Today, Data Science is nearly everywhere.
It is quite often that we enter a web page and are being recommended products other users have bought when we select a certain one. Or, how many times have you entered a search in Google and it was able to end the phrase for you?
But do we really know what Data Science and Big Data is about? Do we understand what it means? And overall, do we know how to face a Machine Learning project?
In our previous blog on Data Science: A New Approach For Problem Solving and Business Strategy we introduced the key terms and process for launching data science into the business. Now, we will describe key issues of the Data Science process and how to approach each phase. In this post we will explain how to set the stage for a Data Science project.
Common Challenges of new Data Science Projects
Business processes represent analytical objects with continuous growing complexity. The information to analyze comes from different sources of data and in different formats that require analysis as quickly as possible.
What are the challenges we face when putting a Data Science project into production in our companies? There is no concrete answer since each case is different (and should be treated as such) - but we can highlight some of the most common:
Lack of knowledge and specialized profiles, already in place organizations and technological architectures mostly designed for traditional BI projects, data volumes and variety are not the ones companies are used to manage, real-time data streaming is a brand topic for many.
All these challenges are mainly technical but probably the most important one to address is the ability to identify which is the business driver that directly impacts the business's income statement, increasing revenues and reducing costs. The most effective way to sell a Data Science project to the business is by demonstrating what kind of business problems it will solve and which will be the impact on company results.
In this scenario, it’s clear that the approach that we must consider in Data Science projects cannot be the same as we are used to in traditional Data Warehousing or Business Intelligence projects.
From our point of view, the most important thing when approaching this type of project is to be imaginative. We face new problems that cannot be solved with traditional approaches, hence we must face these projects with a mindset free of bias.

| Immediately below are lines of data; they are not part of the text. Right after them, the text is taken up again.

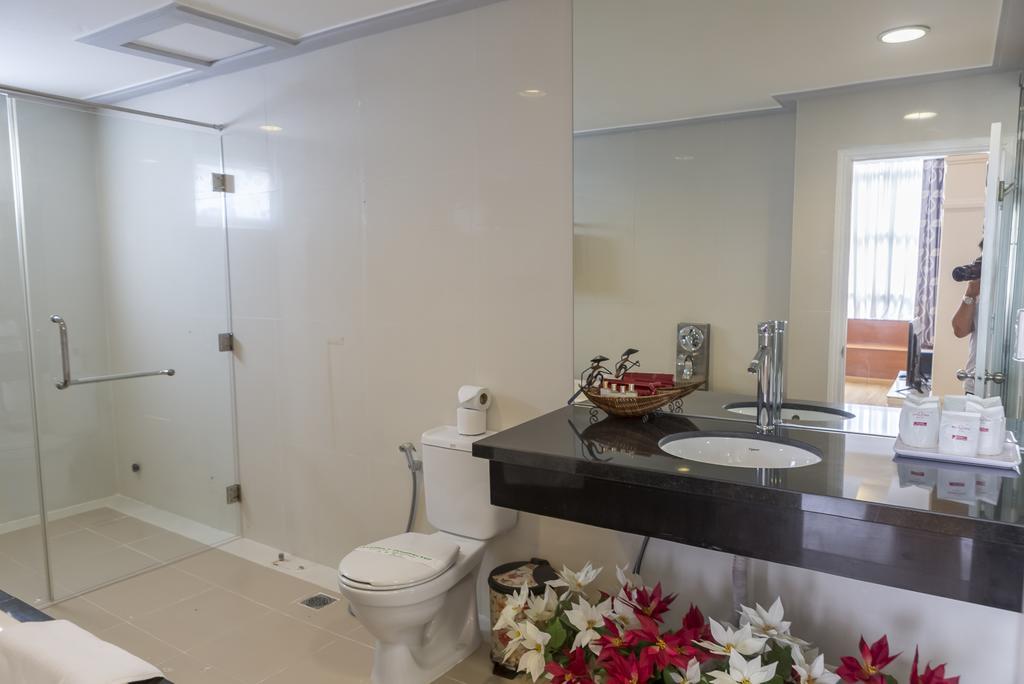 Saga Hotel Ho Chi Minh City Exterior photo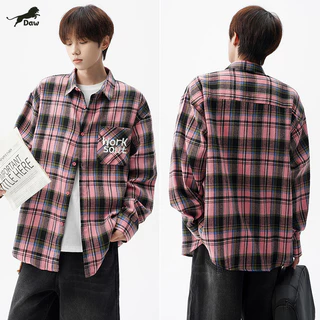 DAW เสื้อเชิ้ตลายตาราง มีกระเป๋า กระดุมแถวเดียว เสื้อเชิ้ตแขนยาว มีหลายสีให้เลือก ไม่เป็นขุยง่าย ไม่ยับง่าย unisex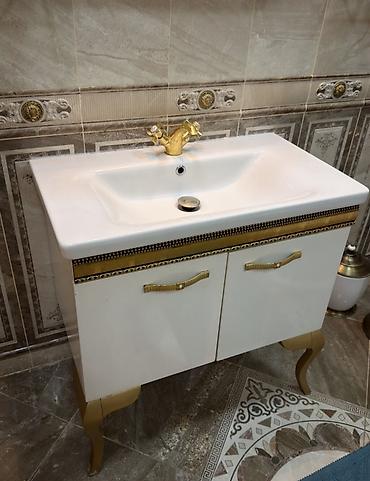 hamam kranti: Klassik üslubda banyo dəsti - Seramik əlüzüyü və dolab: Ağ rəngli — 1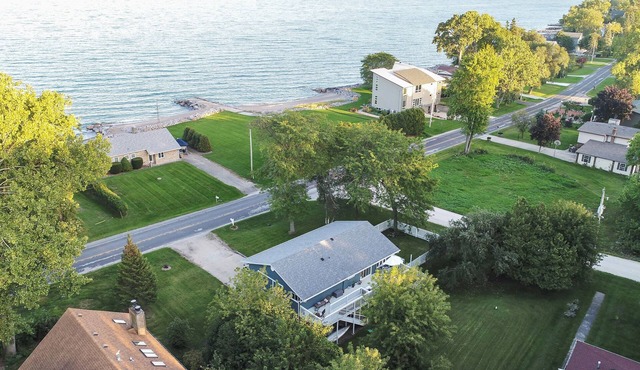 Beachhouse Nature Retreat with Firepit and Game Room
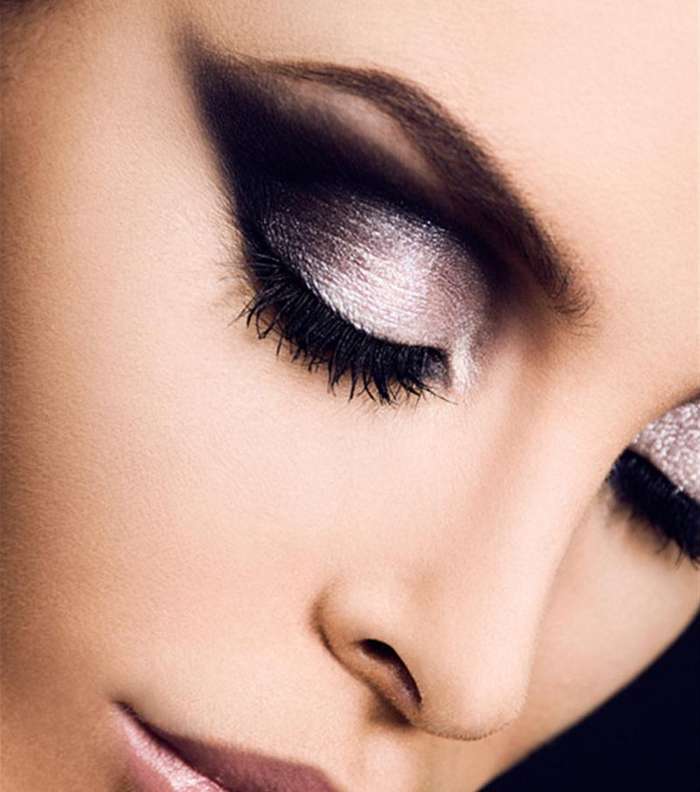 تألّقي بمكياج قويّ للعيون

The most common methodologies used for Advanced Analytics projects start with a step called Problem Statement or Problem Shaping. This is a process of identifying the problem we want to solve and the business benefits we want to obtain. This is quite different from classic BI projects where the business problem is well known in advance.
How to do it? We must be able to ask ourselves a lot of questions, more importantly: the right questions.
The Golden Rule to define a project goal is to ask and refine "sharp" questions that are relevant, specific, and unambiguous; “How can I increase my profit?” is not a good question for any machine learning solution, “which kind of car in my fleet is going to fail first?” or “How much energy my production plant will consume in the next quarter?” are stronger examples of sharp questions.
If we want data to work for us, we must be able to ask the right questions. Once formulated, the data can provide great perspectives, good predictions and disclose a lot of knowledge.
Moreover, problem shaping is a typical “auto generative” process; similar to brainstorming, good innovative questions easily bring the team to produce additional smart questions, lateral thinking is a valuable soft skills in this project phase.
Another significant aspect is the ability to pass on the results given by the data. People naturally have biased opinions that affect how they perceive results, we must find the most effective way to “tell the story” about the data; this is a highly relevant step in a project success.
Are there tools that can help with definition of Problem Statement?
Problem statement is a step in the Data Science Process more dependent on soft skills (as opposed to technological or hard skills), nevertheless being based on questions and data, sometimes a lot of data, it is beneficial to have some data analysis tool… (sorry, big data analysis cannot and should not be done with Excel!)
In this project phase a key factor is the collaboration between data scientists and business users that, at the end of the day, are the ones with the widest business knowledge and are therefore, the ones who are going to set the path to success. In our experience, this collaboration is greatly facilitated by data visualization tools.
Data visualization tools like Qlik or Tableau typically have capabilities to directly access several kinds of structured and unstructured data sources, so they can be applied on top of raw data and are extremely effective in identifying trends, anomalies, outliers in analyzed data with a productivity level not comparable to a classical tabular approach.
As we said before, we must keep in mind that a Data Science project is definitely a Business project, so it must always be oriented on achieving results focused on the business and have a global vision aligned with the business strategy.
Traditional BI projects were typically set on long-term objectives so that the client often did not see results until the total completion; this, in many cases, produced deviations, both in terms of cost and in scope. Machine Learning projects must set short-term objectives and must be managed via agile approach, the loop between business questions, hypothesis and data evidence must be a continuous one, new findings must be used to drive and improve subsequent project waves and results, even when partial, need to be shared with business people to keep their commitment always at high level.
In Techedge experience we have found the use of Notebooks (Jupiter is the most commonly known but many others are available) as an effective tool to explain to business users what technical people are doing, what data are telling us and which results were obtained by applying models and algorithms - essentially creating a sort of “common ground” where we can mix technical info and business concepts in order to maintain vital project alignment.
To conclude and summarize on post main topic, for a good problem statement step you need to be curious, sharp and ALWAYS CREATIVE!